Le parole decisive su Popolare di Vicenza e Veneto Banca arriveranno solo dopo la chiusura del dossier Mps, e per conoscere il destino dei due istituti occorrerà attendere la fine di giugno, a quanto risulta al Sole 24 Ore da fonti europee. Poco più di quattro settimane, di fatto, in cui il ministero dell’Economia dovrà trovare un punto di mediazione con le richieste di Vigilanza Bce e Commissione Ue, che nell’ambito della ricapitalizzazione precauzionale da 6,4 miliardi hanno chiesto dagli investitori privati 1,25 miliardi in più rispetto ai 3,7 precedentemente concordati.
ROMA
Il fattore tempo è una variabile decisiva nella vicenda delle due banche venete. A ribadirlo ieri nelle sue considerazioni finali è stato anche lo stesso Governatore di Banca d’Italia, Ignazio Visco, secondo cui oggi in Europa ci sono «processi decisionali poco compatibili con la rapidità degli interventi.

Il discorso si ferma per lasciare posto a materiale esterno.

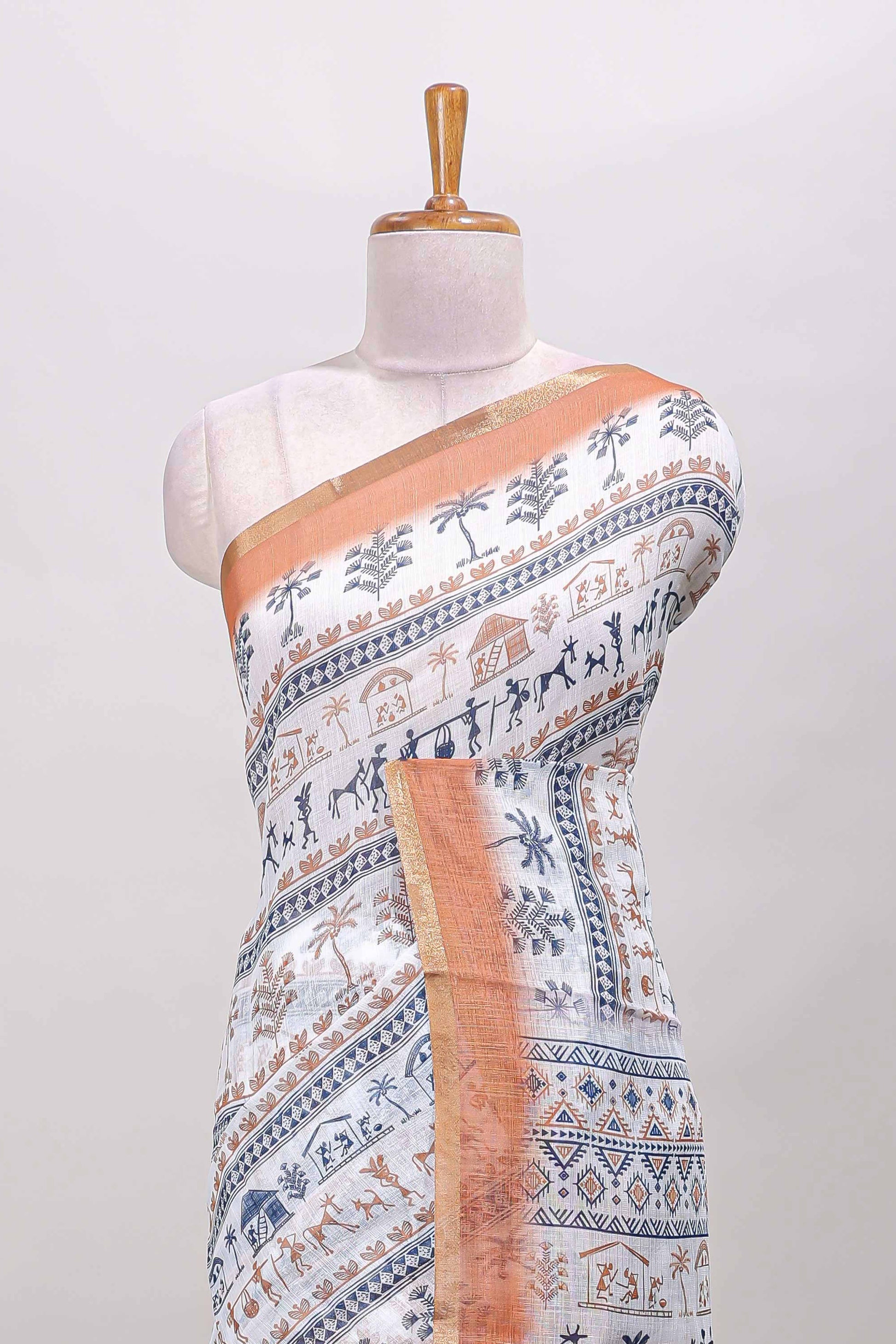 White contrast zari border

Manca un’efficace azione di coordinamento». Una visione condivisa anchedal presidente dell’Abi, Antonio Patuelli, secondo cui il problema deve essere risolto «al più presto». « Credo che un intervento dell’autorità politica possa accelerare i tempi di ciò che si deve fare», ha aggiunto il presidente di Intesa Sanpaolo Gian Maria Gros Pietro
Il problema è che le incertezze generate dalle nuove richieste Ue starebbero impattando negativamente sulla fiducia della clientela, tanto da aver provocato negli ultimi giorni un nuovo deflusso dei depositi dalle due banche. «Bisogna fare in fretta, nei tempi più stretti possibili. Stiamo lavorando in modo serrato», ha detto ieri l'a.d. di Popolare Vicenza, Fabrizio Viola. Per oggi è prevista una nuova riunione straordinaria dei due board, che faranno il punto sullo stato dell'arte e sulle possibili soluzioni in campo.

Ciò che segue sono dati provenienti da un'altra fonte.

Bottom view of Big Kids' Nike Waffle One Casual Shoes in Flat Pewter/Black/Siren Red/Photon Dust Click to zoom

Al momento, tuttavia, siamo solamente allo stato delle ipotesi. Le uniche certezze sono che Bruxelles chiede un maggiore sacrificio da parte dei privati e che il Governo vuole evitare a tutti i costi che le due banche possano finire in risoluzione. «Non c'è alternativa al salvataggio », ha detto ieri Matteo Renzi. Il «no» di Atlante a nuovi interventi sul capitale delle due venete era scontato, ma certifica che l'unica soluzione possibile passa dallo “sconto” sulle richieste aggiuntive delle Authority europee per rendere le richieste di capitale più gestibili per un’eventuale cordata di investitori. L'obiettivo è di dimezzare il fabbisogno dei privati a 500-600 milioni, anche sfruttando una diversa interpretazione della Brrd: nello specifico, il piano discusso fino ad oggi con Bruxelles non sembrerebbe considerare i benefici nell’immediato futuro derivanti dalla ristrutturazione e dalla cessione di crediti, ma solo i costi, che invece sono certi.

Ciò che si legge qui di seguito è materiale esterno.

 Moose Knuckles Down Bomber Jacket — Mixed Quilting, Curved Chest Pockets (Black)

Una volta limato l’ammontare, vanno cercati comunque i finanziatori, e qualcuno guarda ai fondi di private equity. Pare tutt’altro che scontato che un investitore privato scelga di iniettare capitali in due banche in chiara difficoltà con la consapevolezza che parte dell'investimento del capitale (peraltro di minoranza) sia azzerato. Una possibile compensazione potrebbe allora passare per un “doppio” investimento dei fondi anche nei crediti deteriorati delle due banche – magari tramite un acquisto in blocco -, così che parte del valore perso nell’equity sia recuperato dalla rivalutazione degli Npl. Uno schema, quest'ultimo, su cui si basava il possibile intervento di Apollo in Carige, operazione ai tempi ben vista da Bce ma poi sfumata. Altra ipotesi potrebbe vedere anche un acquisto di maggioranza dei fondi, ma in questo caso non è chiaro se e come la ricapitalizzazione precauzionale prenderebbe forma. Nella girandola delle ipotesi valutate in ambienti finanziari c’è stata anche l’idea di separare il destino dei due istituti, portando avanti la ricapitalizzazione precauzionale per Pop. Vicenza e spingendo Veneto Banca fra le braccia di Mps. La partita di Rocca Salimbeni, però, dopo aver superato la fase critica si trova ora ultimo miglio, tanto che gli stessi vertici del Monte ora si dicono «molto ottimisti»: il via libera Ue, atteso ormai a stretto giro, farebbe partire il primo caso concreto di ricapitalizzazione precauzionale con fondi pubblici. Oltre ad aprire l’ombrello pubblico sul big delle banche in crisi rappresenterebbe un precedente importante anche per le altre operazioni. Sarebbe stato troppo rischioso, in un contesto del genere, riaprire il dossier per far entrare nel piano industriale un'ipotesi di incontro fra Siena e Montebelluna.